With bare-metal provisioning in place (ADR-0005), tenant organizations need dedicated Kubernetes clusters with full lifecycle management: provisioning, upgrades, certificate rotation, node rotation, auto-scaling, and self-healing. At 50,000 physical servers this means potentially hundreds of clusters that must be managed without manual intervention.

Options

Option 1: Gardener

  • Pros: full lifecycle management built in (upgrades, cert rotation, node rotation, auto-scaling, self-healing); proven at scale (SAP runs thousands of clusters); control planes run as pods on Seed cluster (efficient); native metal-stack integration; European origin (SAP/NeoNephos/LF Europe); Apache 2.0

  • Cons: complex to set up and operate; own concept model (Garden/Seed/Shoot) with learning curve; Seed cluster is a critical component; smaller community than CAPI

Option 2: Cluster API (CAPI) with infrastructure providers

  • Pros: Kubernetes-native declarative API; CNCF project; large community; modular — swap infrastructure providers; familiar to Kubernetes operators

  • Cons: no built-in day-2 operations (upgrades, cert rotation, self-healing are separate concerns); requires assembling multiple components; Metal³ provider is less mature than Gardener’s metal-stack integration

Option 3: Kamaji

  • Pros: efficient shared control planes; CNCF Sandbox; fast provisioning

  • Cons: young project; smaller community; central etcd requires careful capacity planning; less mature day-2 tooling

Option 4: Rancher (SUSE)

  • Pros: widely deployed in European government; UI-driven cluster management; supports multiple Kubernetes distributions; large community

  • Cons: commercial vendor dependency (SUSE); less suited for bare-metal at scale; no native metal-stack integration; day-2 operations less mature than Gardener

Option 5: vCluster

  • Pros: lowest overhead; seconds to provision; works within existing cluster

  • Cons: no kernel isolation (container breakout affects other tenants); sync mechanism adds attack surface; commercial vendor dependency (Loft Labs)

Decision

Gardener.

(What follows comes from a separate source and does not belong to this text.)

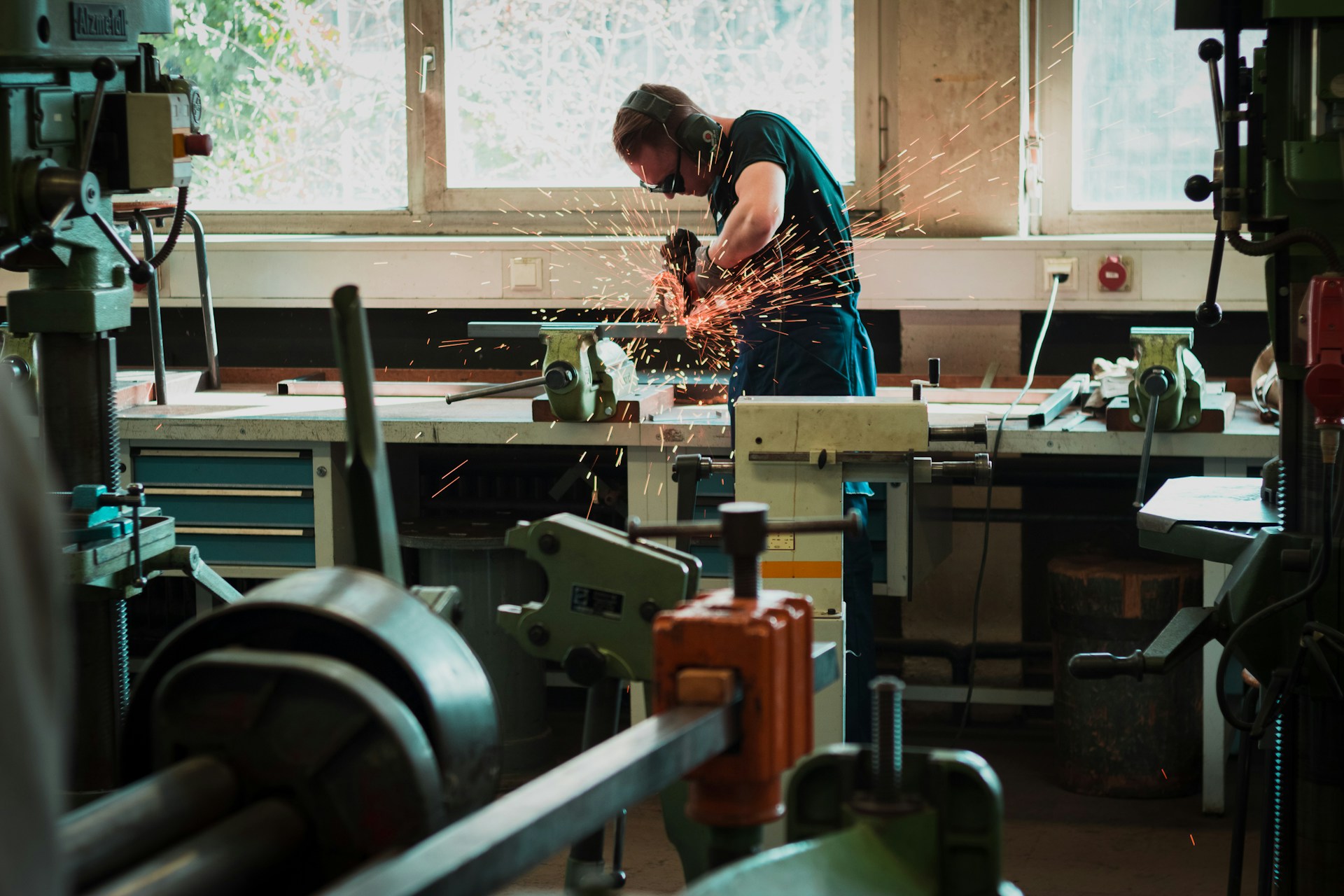 man working with grinder in workshop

Native metal-stack integration means the full stack (provisioning → cluster lifecycle) is proven in production together. Gardener is the only option with comprehensive built-in day-2 operations at scale. CAPI requires assembling multiple components to achieve what Gardener provides out of the box. Rancher lacks native metal-stack integration. Kamaji is too young for production use at our scale. vCluster does not provide the kernel-level isolation required by ADR-0008 and EUCS SEAL-4. European governance aligns with sovereignty requirements.

Consequences

  • Seed cluster(s) must be operated with HA configuration

  • Gardener Extensions model provides the plugin mechanism for per-cluster services (DNS, certs, monitoring)

  • Tenant isolation is at the Shoot cluster level — each organization gets dedicated clusters

  • The platform team needs Gardener expertise